- [YOUR ASSIGNMENT]: Skip pictures in the listing below; copy exactly the lines from the one with "Pinhal Vilamoura" through the one with "shin - S'deh Boker", inclusive.

··· DATA FOR THIS EXERCISE

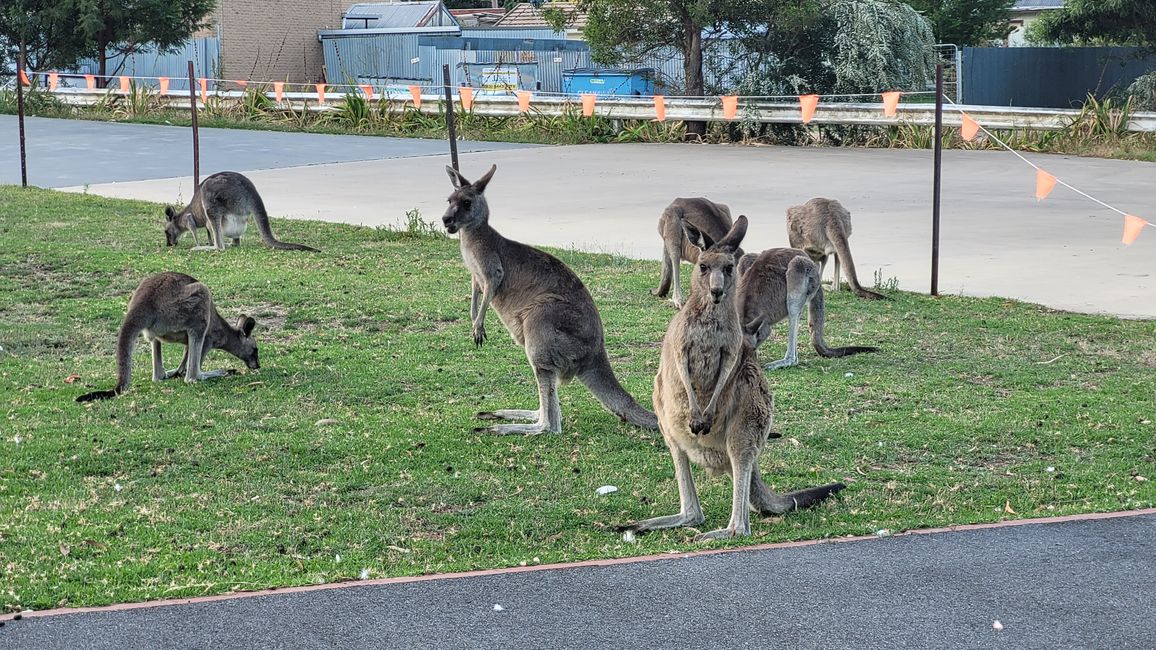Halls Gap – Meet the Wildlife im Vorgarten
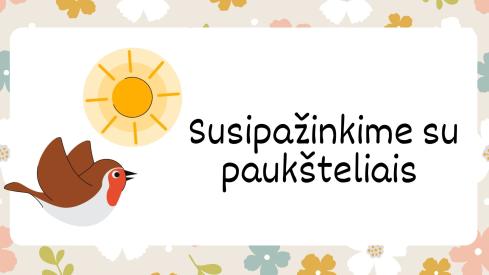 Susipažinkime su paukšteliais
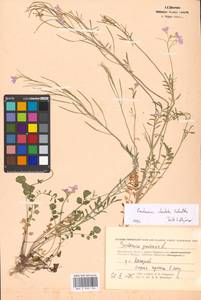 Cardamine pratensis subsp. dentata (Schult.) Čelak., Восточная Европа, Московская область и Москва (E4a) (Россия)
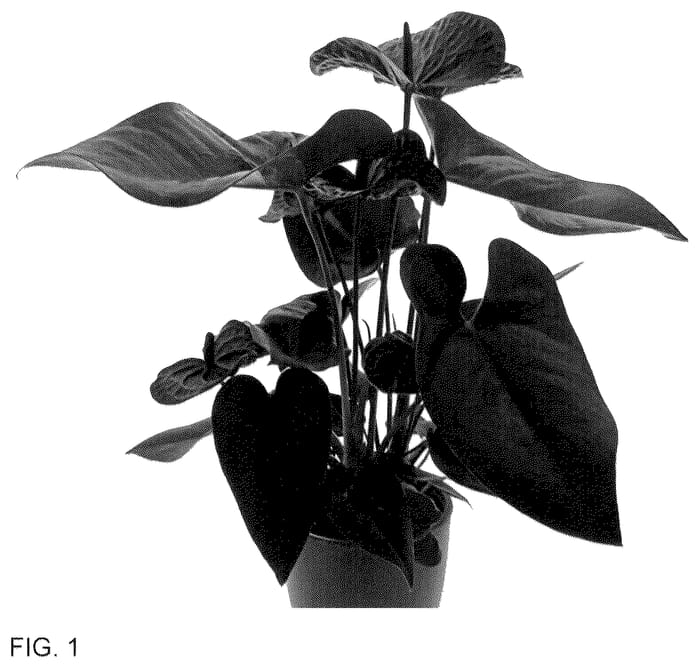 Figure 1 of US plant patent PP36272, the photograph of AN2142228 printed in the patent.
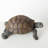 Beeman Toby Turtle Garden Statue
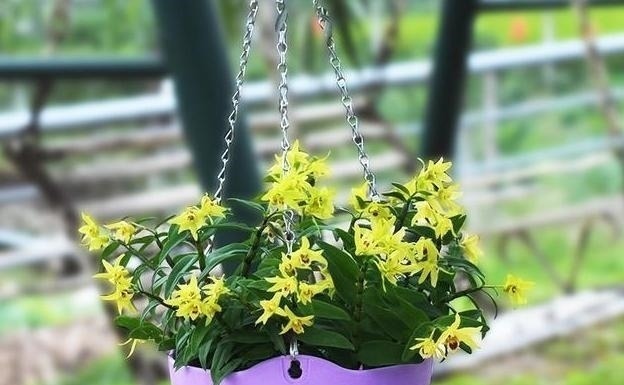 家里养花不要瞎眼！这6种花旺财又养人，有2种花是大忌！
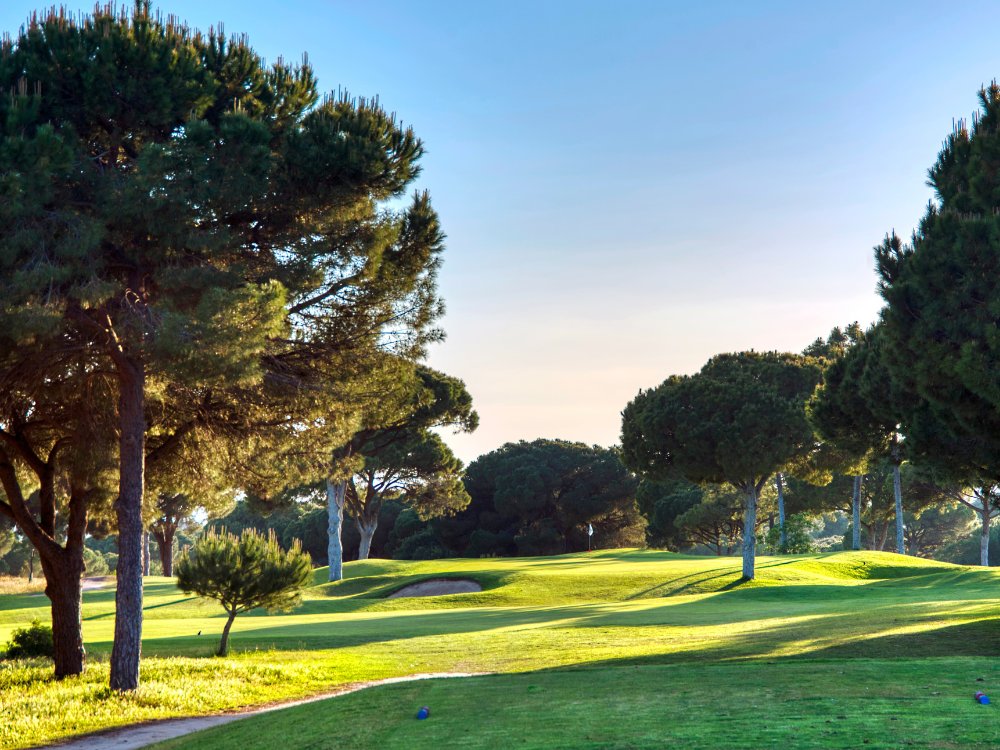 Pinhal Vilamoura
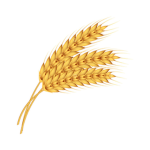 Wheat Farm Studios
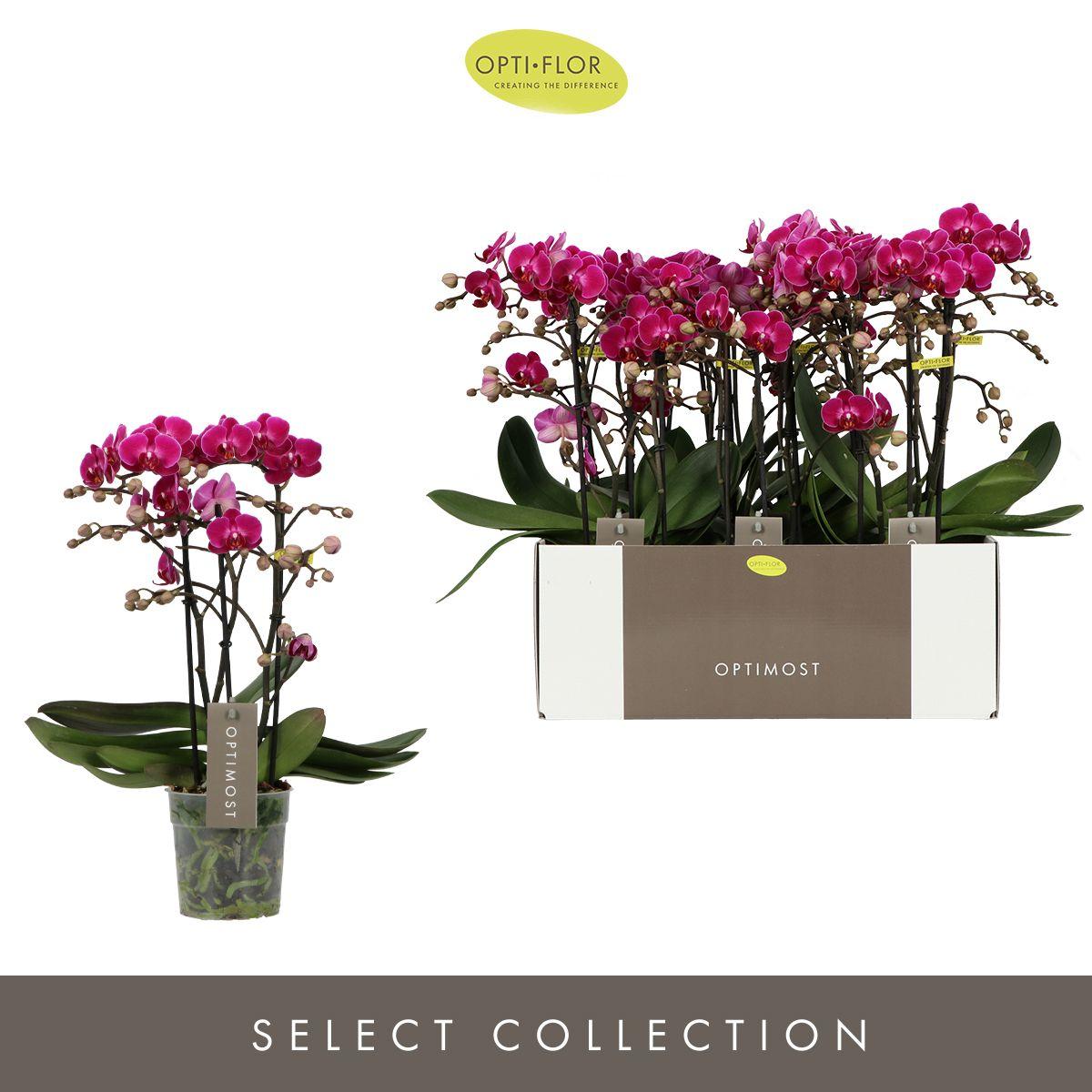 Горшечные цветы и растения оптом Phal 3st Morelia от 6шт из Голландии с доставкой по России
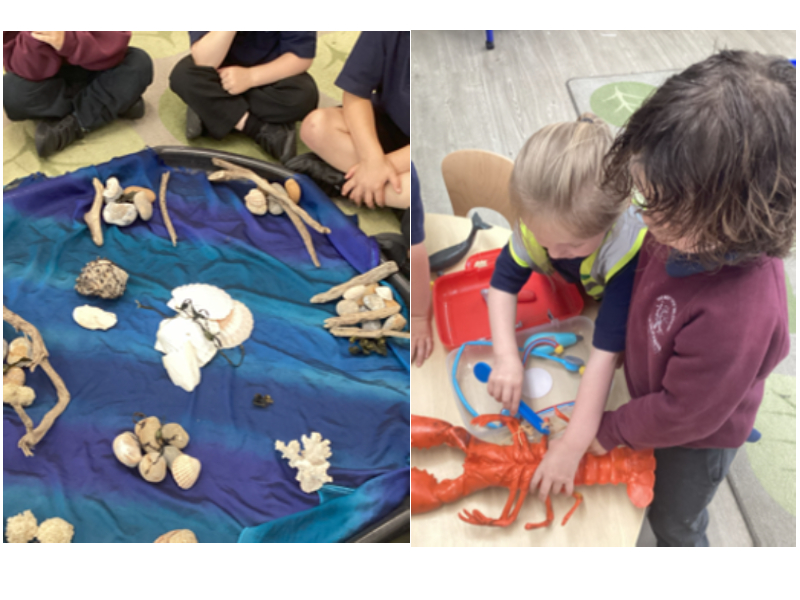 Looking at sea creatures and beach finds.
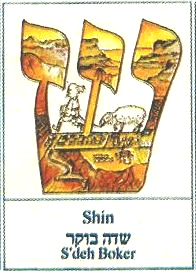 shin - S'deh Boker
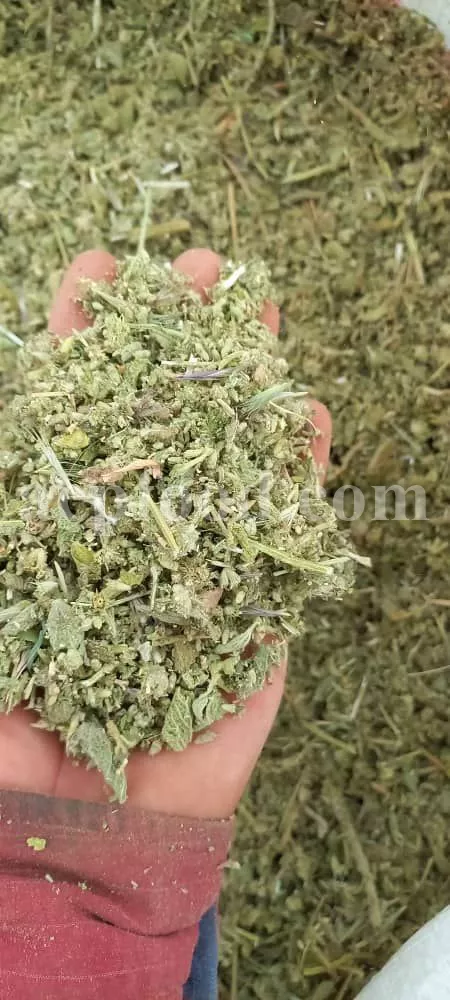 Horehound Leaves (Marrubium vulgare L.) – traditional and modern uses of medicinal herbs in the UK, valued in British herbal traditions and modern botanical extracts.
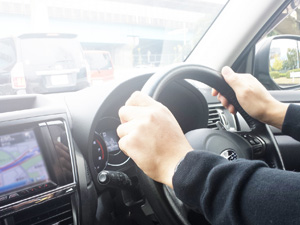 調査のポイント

······

- [OUTPUT OF THE EXERCISE]:
 Pinhal Vilamoura
 Wheat Farm Studios
 Горшечные цветы и растения оптом Phal 3st Morelia от 6шт из Голландии с доставкой по России
 Looking at sea creatures and beach finds.
 shin - S'deh Boker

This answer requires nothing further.